I've gotten this far, but I obviously messed up somewhere because I can't evaluate the second integral.

Scarlett Allison · Accepted Answer

# int_0^oo \ e^(-x)/sqrt(x) \ dx = sqrt(pi) #

We seek: # I = int_0^oo \ e^(-x)/sqrt(x) \ dx # We can perform a substitution.
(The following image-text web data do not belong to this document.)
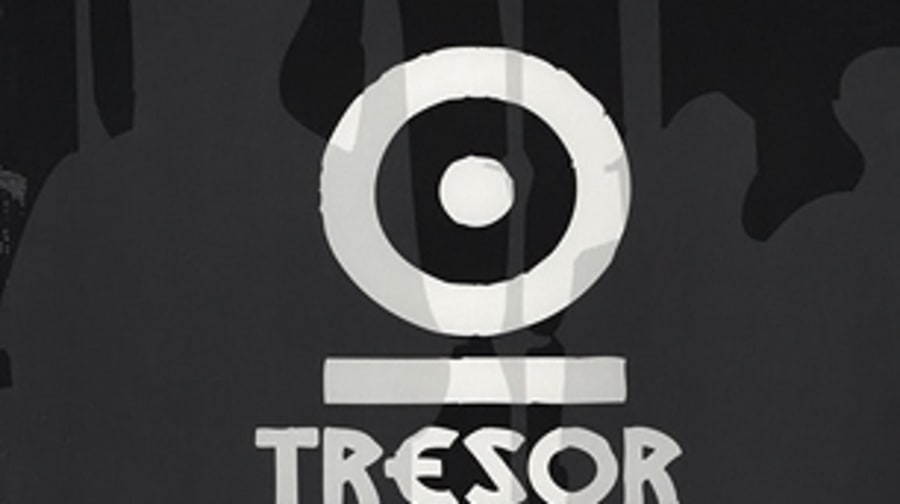 12. Various Artists, 'True Spirit, Vol. 1' (Tresor, 2010)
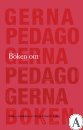 Boken om pedagogerna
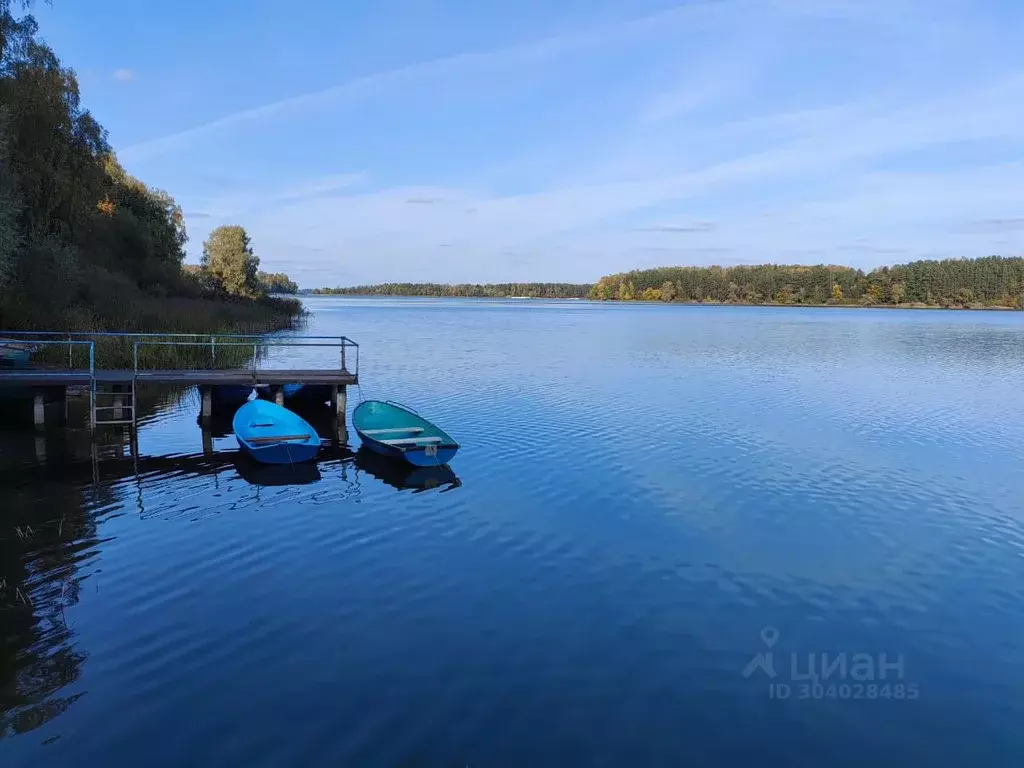 Участок в Московская область, Истра городской округ, д. Матвейково  ... - Фото 0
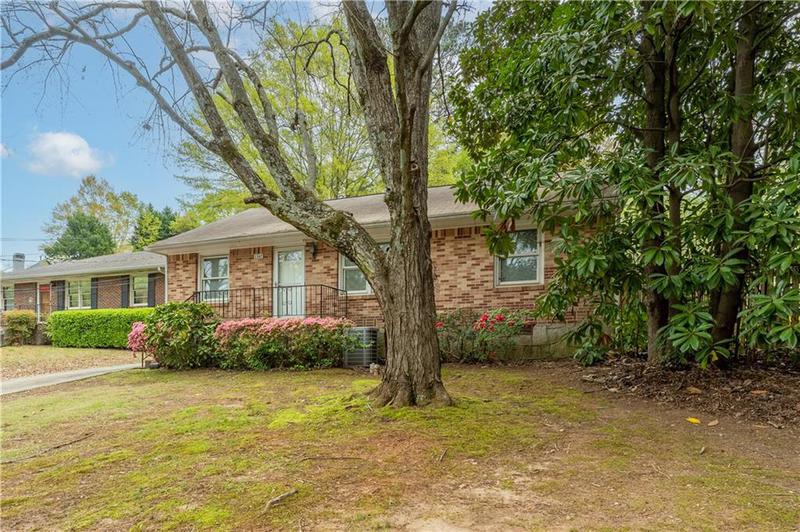Image for property 1387 Church Street, Decatur, GA 30030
Let: # u = sqrt(x) <=> x = u^2 => dx/(du) = 2u# So that if we substitute into the integral, and change the limits accordingly, we get: # I = int_0^oo \ e^(-u^2)/u \ 2u \ du # # \ \ = 2 \ int_0^oo \ e^(-u^2) \ du # This is related to well studied Gaussian integral, with well known result: # int_(-oo)^oo \ e^(-u^2) \ du = sqrt(pi) => int_(0)^oo \ e^(-u^2) \ du = sqrt(pi)/2# Thus, we have: # I = 2 * sqrt(pi)/2# Hence: # int_0^oo \ e^(-x)/sqrt(x) \ dx = sqrt(pi) #

Charles Anctil · Answer

undefined To evaluate the integral ∫₀^∞ e^(-x)/√x dx, we can use the technique of integration by parts. Let's denote:

u = √x   and   dv = e^(-x) dx

Then, find du and v:

du = (1/2)x^(-1/2) dx   and   v = -e^(-x)

Now, apply integration by parts formula:

∫ u dv = uv - ∫ v du

Substitute the values:

∫₀^∞ e^(-x)/√x dx = [-e^(-x)√x]₀^∞ - ∫₀^∞ (-e^(-x))(1/2)x^(-1/2) dx

Evaluate the limits:

lim_(a→∞) -e^(-a)√a + e^0√0 - lim_(a→0) -e^(-a)√a + e^0√0

Simplify:

= 0 + 0 + lim_(a→0) e^(-a)√a - e^0√0

= lim_(a→0) e^(-a)√a

Now, evaluate this limit:

= lim_(a→0) (e^(-a)/a^(1/2))

Since e^(-a) approaches 1 as a approaches 0, and √a also approaches 0 as a approaches 0, we can apply L'Hôpital's rule:

= lim_(a→0) (-(1/2)e^(-a)/a^(-1/2))

= lim_(a→0) (-e^(-a)/(1/2)a^(-1/2))

= -2

Therefore, the value of the integral is -2.